───── Material supplied

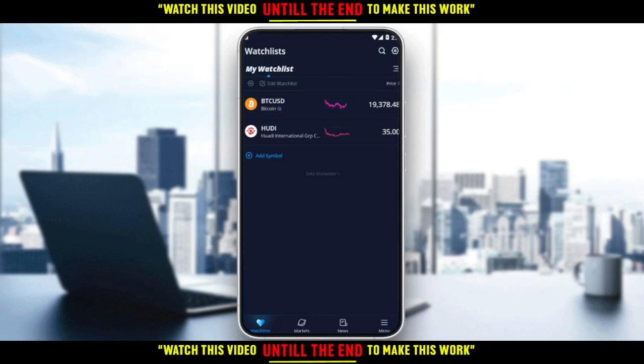That will be all, guys, for this tutorial. I hope you liked this tutorial. Thank you for watching, and goodbye.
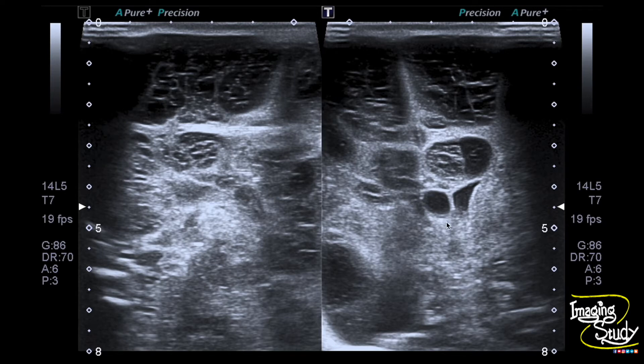There are tiny cystic spaces extending up to the deep white matter. In the sagittal section, you can also see these extensive cystic spaces.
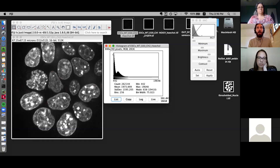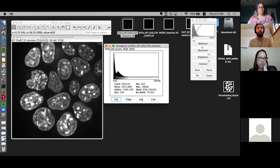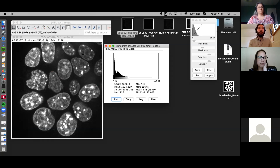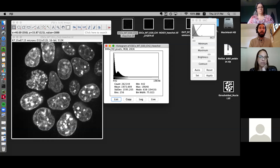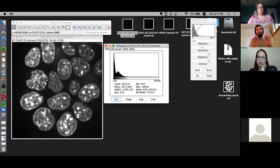Looking at the frequency: the background peak is around 500–600, and the signal peak is around 2,000. Sure enough, hovering over nuclei we see values of around 1,600–2,000. So we already have a kind of clear, visible definition between the background and the signal. This will be useful for thresholding a little bit later.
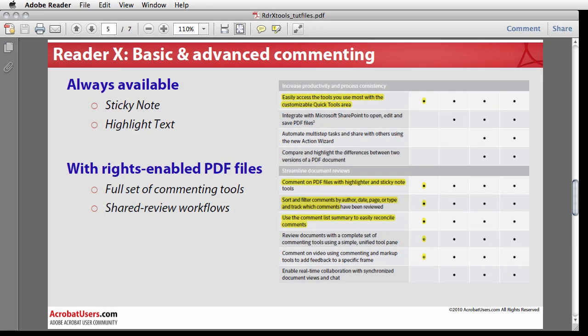The new commenting tools in Reader 10 are included primarily for personal use, such as providing a student an easy way to highlight important text in a reading assignment. The always available commenting tools aren't meant for collaborating with groups of users in complex, shared review workflows. You'll need Acrobat 10 for that.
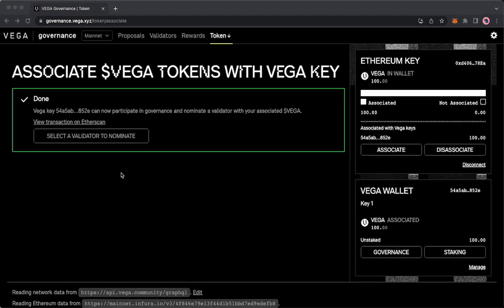And that's that. That took a few minutes to get done. But now that this is complete you'll see over here you have 100 Vega associated. And you're done.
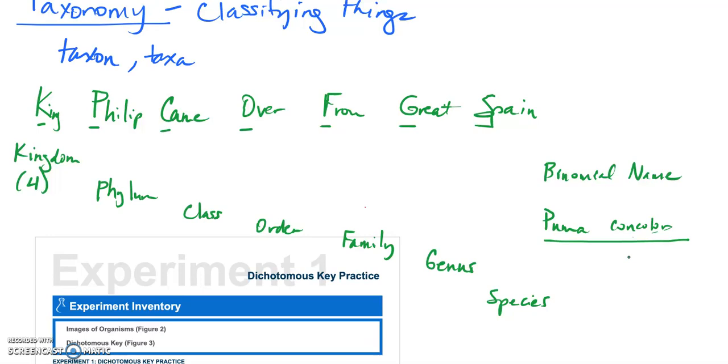We also have common names maybe that are for more than one type of species. So we might say an oak tree. Well there's lots of different oak trees, right? So each one of those species of oak is going to have their own two-part binomial name.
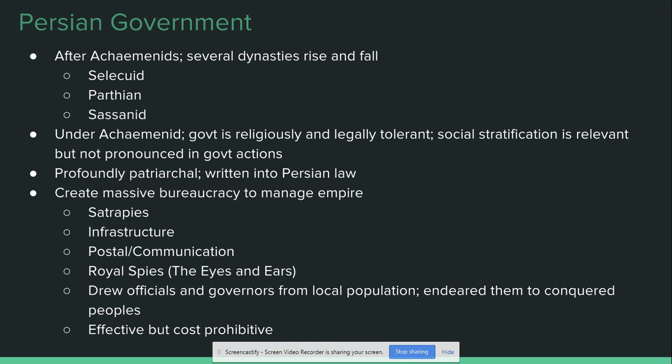One of the really important things to know about Persian government is that they are one of the first empires in written history to create a massive bureaucratic system to help manage their empire. That's going to be an important theme throughout the rest of this unit and the next, when we talk about Han China and the Romans. Persian bureaucracy starts with the satrapies — 23 distinct provinces that the Persian Empire is divided into. Each satrapy is managed by a royal governor known as a satrap.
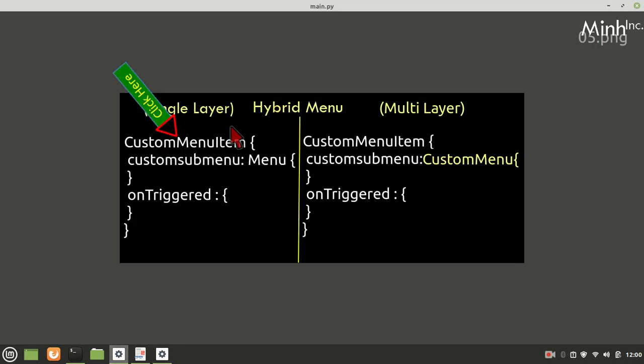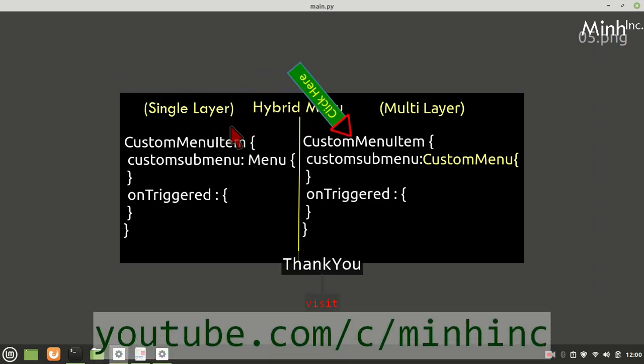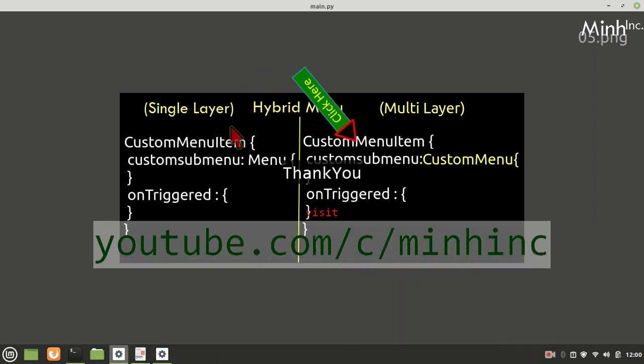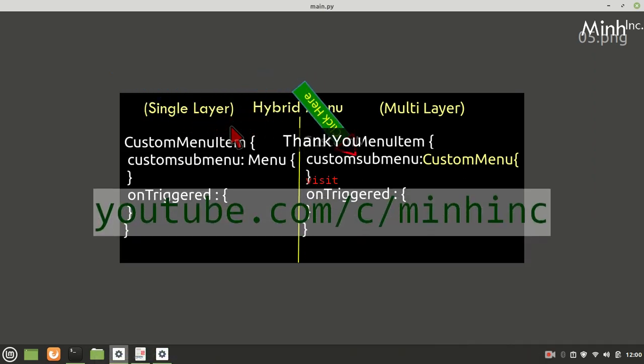We talked about the single-layer hybrid menu. Now the idea is that we can bring it in for multi-layer as well, which we will cover next time.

──────────

Exercise ::
Only the lines from the top of the material above down to the line bearing "There are tiny", that line included, should be set down exactly; no pictures.

Exercise response ::
That will be all, guys, for this tutorial. I hope you liked this tutorial. Thank you for watching, and goodbye.
There are tiny cystic spaces extending up to the deep white matter. In the sagittal section, you can also see these extensive cystic spaces.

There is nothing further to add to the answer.